The other cool thing I picked up was, if you lose the /dev/mapper device, you can get it back (assuming you tinkered with iscsi restarts a bit) simply by issuing the command "vgchange -ay".  That was a neat trick and prompted this blog post.

That is all.

Friday, April 26, 2013

Slackware 14 under Xen

I have tried (halfway) to get Slackware to run under Xen (which I run on 32 bit CentOS 5.x).  It never seems to have a working network.  This time, I took a (very) little amount of time to fix this.  Googling resulting only in running Xen on Slackware.  I couldn't find anything on this problem.  I love to load each new distro that comes out but I really enjoy just using Slackware (SLS was my first distro).  So, when Slackware would repeatedly come up without a network interface, I was disappointed and a bit surprised.  If you're having this issue - here one possible fix:   Use a virtual Ethernet and do NOT use the default hypervisor network interface.  Instead, use "ne2k_pci".  I intend to try to get the shared physical interface to work with a real outside address and even test the other options under the virtual Ethernet.  But, this solved my problem.  If anyone else tries these, I'd love the hear the results.

Sunday, December 4, 2011

Powershell, pretty cool afterall

I am really enjoying Powershell.  The ISE is much more useful than I thought and flipping from the shell to notepad is really slick (although I still had to install gVim).  The cmdlets are slicker than I originally gave them credit for.  The default is to list all of the parameters/attributes of the cmdlet I've been experimenting and you can almost always leave them off when there's just one or two parameters.  e.g.
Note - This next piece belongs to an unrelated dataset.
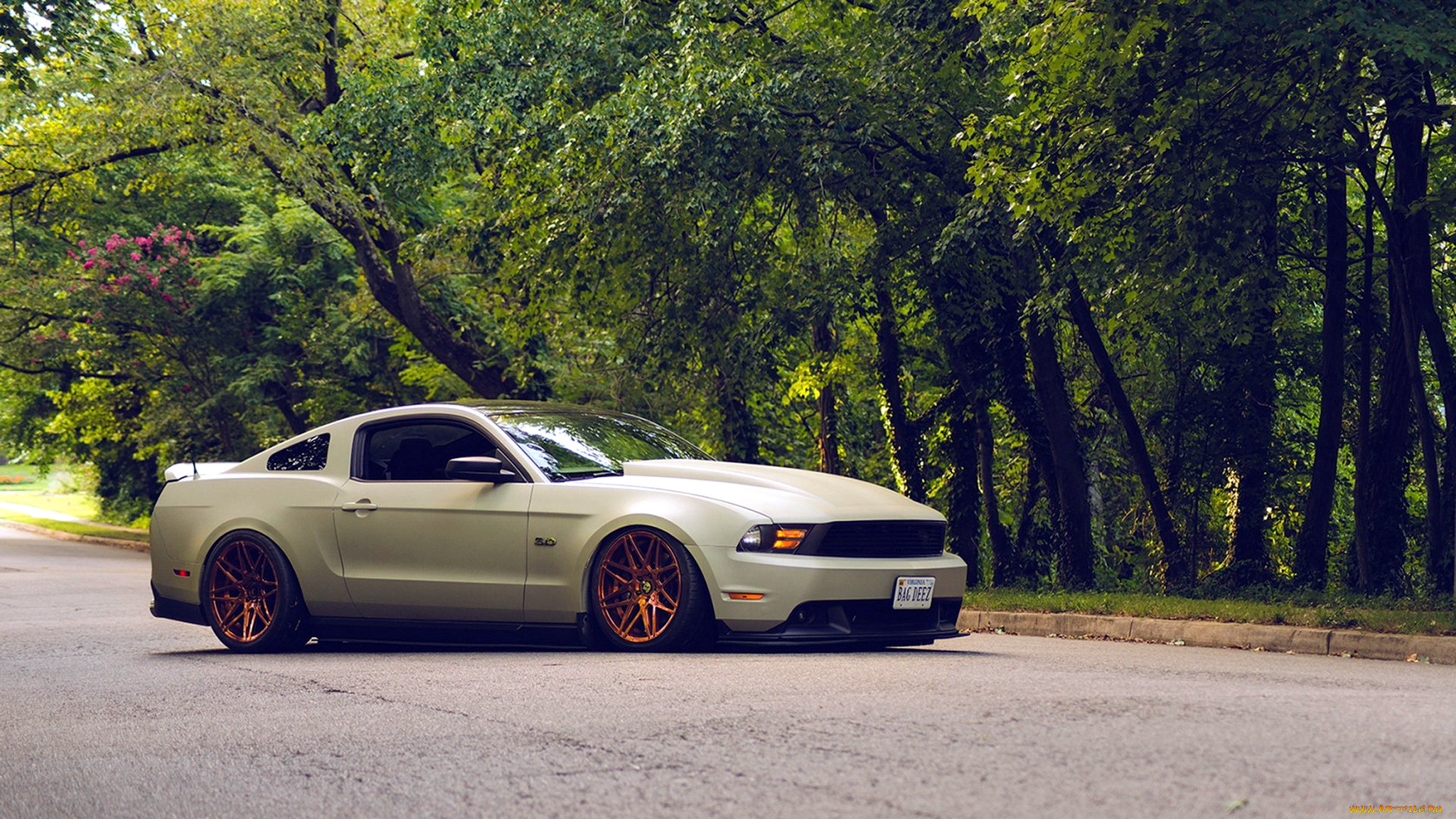 ford mustang, , mustang, ford, motor, company, , ,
PS > Get-History | Foreach-Object { $_.CommandLine } > c:\temp\
script.ps1
For the exact same results - try the much easier to remember...
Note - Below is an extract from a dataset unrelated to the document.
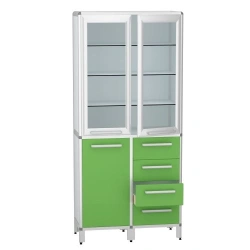 Medical Instrument Cabinet with Aluminum Frame, Model DM-1-101-21.K2.F1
PS > get-history > history.txt 
The above works just like you would expect.

I found quite a few other examples that were obviously simplified.  It's a pretty interesting scripting language.  By adding the .Net accessibility, it is as if you have blended Bash and Ruby and some special Windows references thrown in to boot.  I like it.  It looks to be very powerful and handy.  One of the main reasons I didn't like administering Windows is the lack of good sysadmin scripting tools and a poor command line shell.  Powershell fixes that.  Much is familiar too since it uses many Bash commands.

So, I've spent the day patching and armoring my Windows 7 running under OpenBox.  I really like Windows 7 (which is probably why they are coming out with a Windows 8 so soon.)  

With the vastly improved Windows 7, Windows 2008 R2 and Powershell - all in 64 bit - looks like it's going to be a less painful transition that I had thought.  I'm actually really looking forward to it now.